June 2010 | David Newman, Jey Han Lau, Karl Grieser, and Timothy Baldwin
This paper introduces the task of topic coherence evaluation, where a set of words generated by a topic model is rated for coherence or interpretability. Various topic scoring models are applied, using resources like WordNet, Wikipedia, and Google search engine, as well as existing research on lexical similarity/relatedness. Comparing with human scores for learned topics over two datasets, a simple co-occurrence measure based on pointwise mutual information over Wikipedia data achieves results at or near the level of inter-annotator correlation, while other Wikipedia-based methods also show strong results. Google produces strong but less consistent results, while WordNet-based methods show patchy results.
The paper explores intrinsic evaluation of topics, which is typically overlooked in computational linguistics. Topics are evaluated based on their coherence to humans, using news articles and books. Models are proposed to predict topic coherence using resources like WordNet, Wikipedia, and Google. The results show remarkable inter-annotator agreement on what constitutes a coherent topic, with Wikipedia-based methods achieving nearly perfect agreement with humans.
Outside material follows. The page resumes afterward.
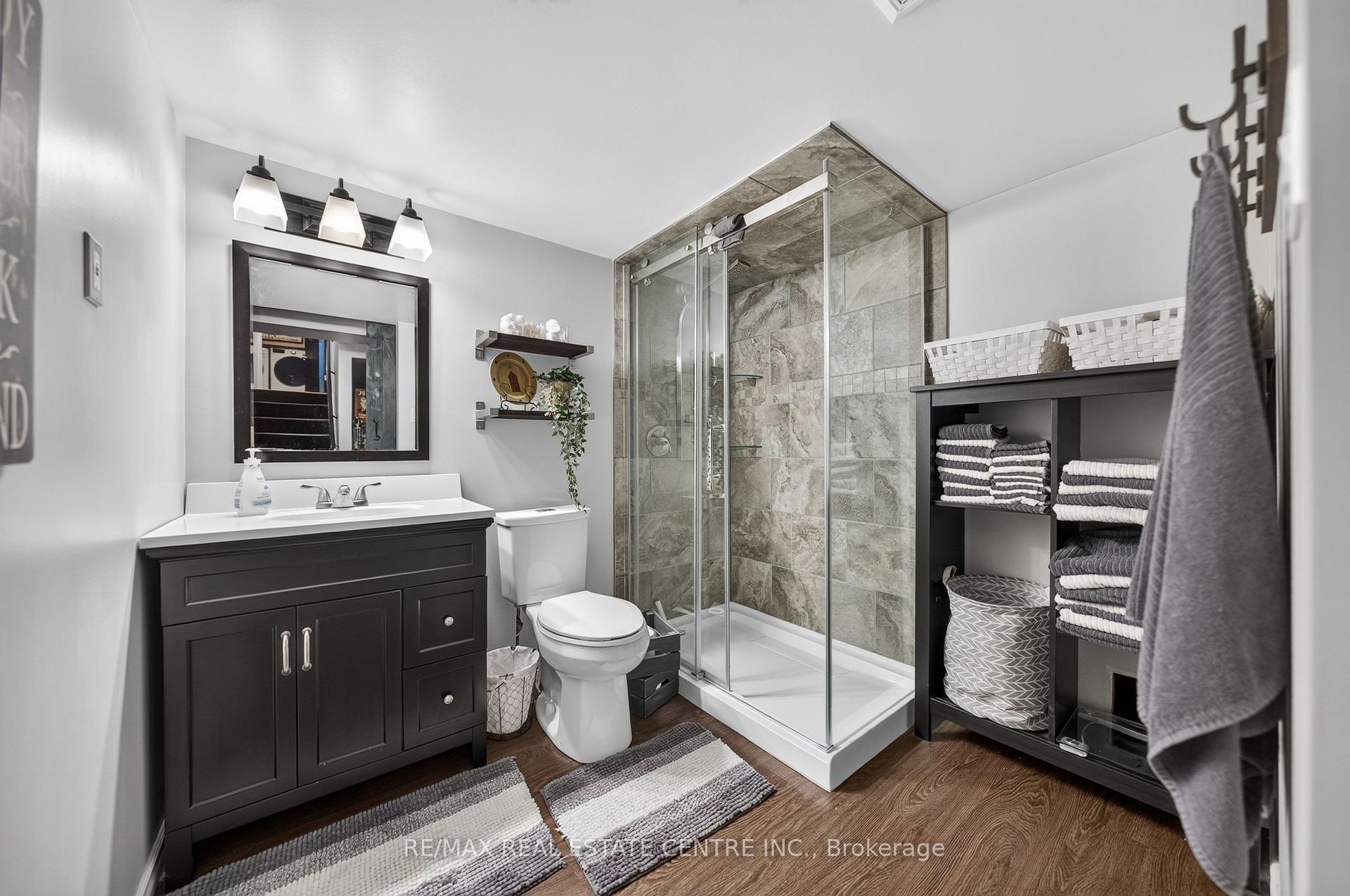 Photo 42 of 6 Mathews Court, Brantford, Empire — HOMEH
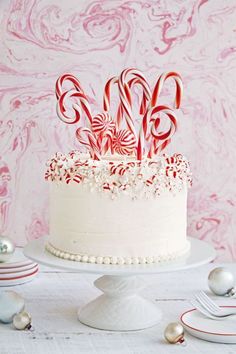 the cake is decorated with candy canes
The research is part of a larger agenda on the utility of topic modeling in document collection visualization and search interfaces. Evaluating topic coherence is part of understanding what makes good topics and how topic modeling can be used for human consumption.
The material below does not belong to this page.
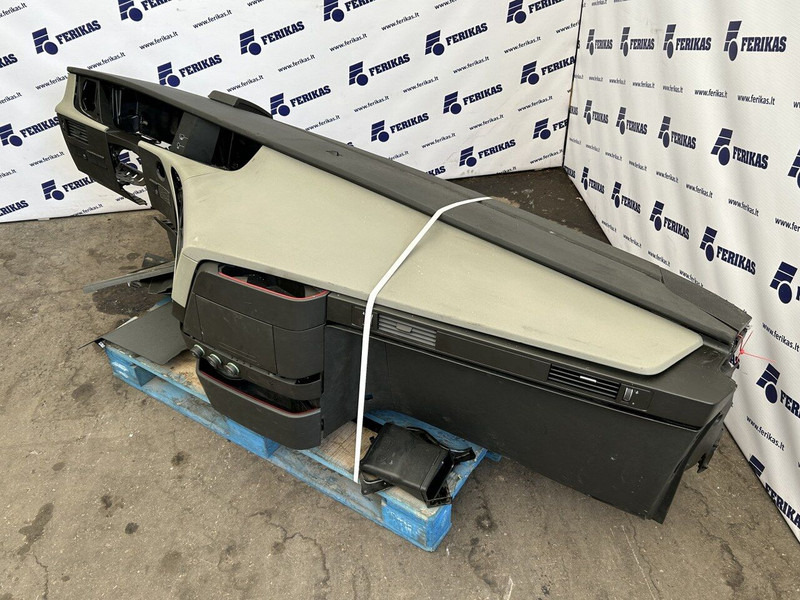 Volvo dashboard - Fahrerhaus und Interieur für LKW: das Bild 3 Volvo dashboard - Fahrerhaus und Interieur für LKW: das Bild 3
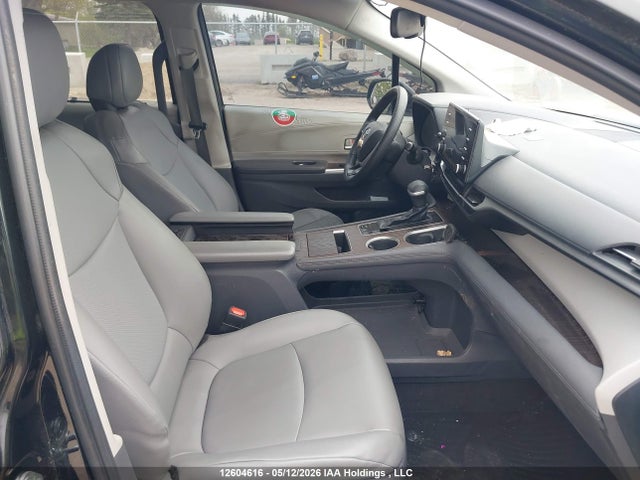 12604616 :رقم المزاد ، 5TDGRKEC5MS028060 vin ، 2021 Toyota Sienna مزاد بيع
The paper compares different methods for evaluating topic coherence, including WordNet-based similarity measures, Wikipedia-based methods, and Google-based methods. The best-performing method is term co-occurrence based on pointwise mutual information from Wikipedia, which achieves results close to inter-annotator agreement. Google performs well on one dataset but poorly on another. WordNet-based methods show lower performance overall.
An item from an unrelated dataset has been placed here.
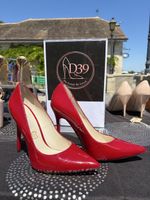 👠 Red Patent Leather High Heels - Size 39 - Classic Style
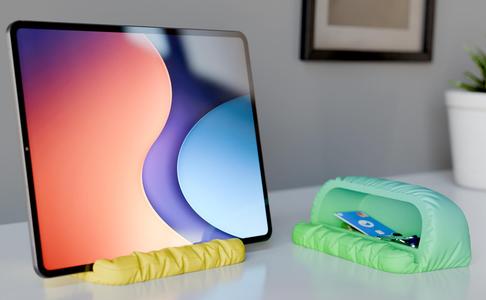 Phone / Tablet pillow stand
The paper concludes that topic coherence evaluation is computationally feasible and that word-pair co-occurrence is effective at modeling topic coherence. Wikipedia is the most consistent resource for topic scoring, followed by PMI and other methods. The results suggest that Wikipedia's encyclopedic nature provides good coverage over both domains, making it more robust. WordNet-based methods show mixed results, with some methods performing poorly. The paper also notes that there is no clear answer on whether the mean or median is the best method for combining pairwise scores.This paper introduces the task of topic coherence evaluation, where a set of words generated by a topic model is rated for coherence or interpretability. Various topic scoring models are applied, using resources like WordNet, Wikipedia, and Google search engine, as well as existing research on lexical similarity/relatedness. Comparing with human scores for learned topics over two datasets, a simple co-occurrence measure based on pointwise mutual information over Wikipedia data achieves results at or near the level of inter-annotator correlation, while other Wikipedia-based methods also show strong results. Google produces strong but less consistent results, while WordNet-based methods show patchy results.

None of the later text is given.